PRODUCTOS DE KIT DE MANCUERNAS Y BARRA

Para mantener la salud, debemos prestar atención a lo que hacemos y de qué forma lo hacemos. Un componente principal de la salud son las buenas prácticas sanitarias. La práctica de buenas prácticas de salud incluye la realización de ejercicio diario, la reducción del agobio, el mantenimiento de una buena dieta, el mantenimiento de un peso razonable y el control regular de la propia salud a través del autocontrol y las pruebas. Estos tres componentes de la buena salud pueden contribuir en gran medida a mejorar la salud y prevenir la aparición de muchas enfermedades. Además de esto, hacer estos cambios en el estilo de vida puede tener un efecto beneficioso en otras áreas de su salud y en su relación con los demás.

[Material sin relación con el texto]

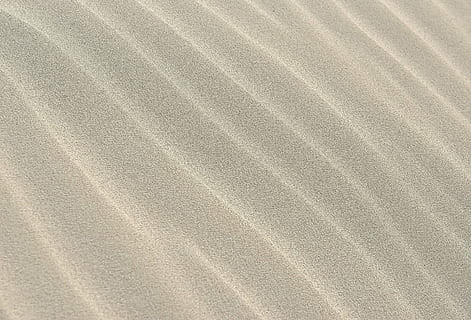 photo, white, sand, pattern, wave, texture, sand background, sand texture, nature abstract, backgrounds, textile, textured, full frame, no people, abstract, elegance, close-up, day, land, high angle view, nature, landscape, wave pattern, outdoors, environment, material, beauty in nature, sunlight, agriculture, softness, arid climate, 5K, CC0, public domain, royalty free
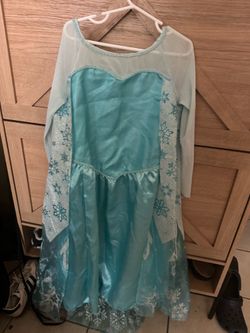Elsa dressed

Cuando se usa el cloro como desinfectante, el producto químico reacciona con cualquier material orgánico con el que entra en contacto, provocando un fragancia y un sabor similares a los del cloro. El producto sanitario más habitual que contiene este desinfectante es Chlorox. Este producto se vende por norma general con el nombre de "lejía" y se considera seguro para el uso doméstico, aunque se han registrado casos apartados de irritación y sensibilización de la piel en ciertas circunstancias. Otros desinfectantes habituales en el campo de los productos sanitarios son Chlorox, Chloroxapal, Oxapal y Purel. La concentración de cada uno de ellos de estos desinfectantes varía, y la manera en que reaccionan a los productos químicos y a los organismos asimismo varía. Para determinar si un desinfectante es apropiado para una aplicación concreta, póngase en contacto con el organismo sanitario local, provincial o territorial. Una prueba fácil para saber si es necesario emplear un desinfectante es hervir el agua por encima del nivel más alto de cloro que el producto admite. El agua hirviendo le va a dar una estimación de la cantidad de polución presente y puede emplearse como guía. No obstante, si no está seguro de la potencia de un desinfectante, debe ponerse en contacto con su organismo sanitario local para que le ayude. Ciertos ejemplos de desinfectantes para superficies duras son el papel para cavidades, el Hardiplank, la zeolita líquida y los polímeros sin pintura. Estos productos se emplean frecuentemente en aplicaciones de limpieza residencial y suelen ser seguros para el empleo doméstico siempre que se utilicen según las instrucciones del fabricante.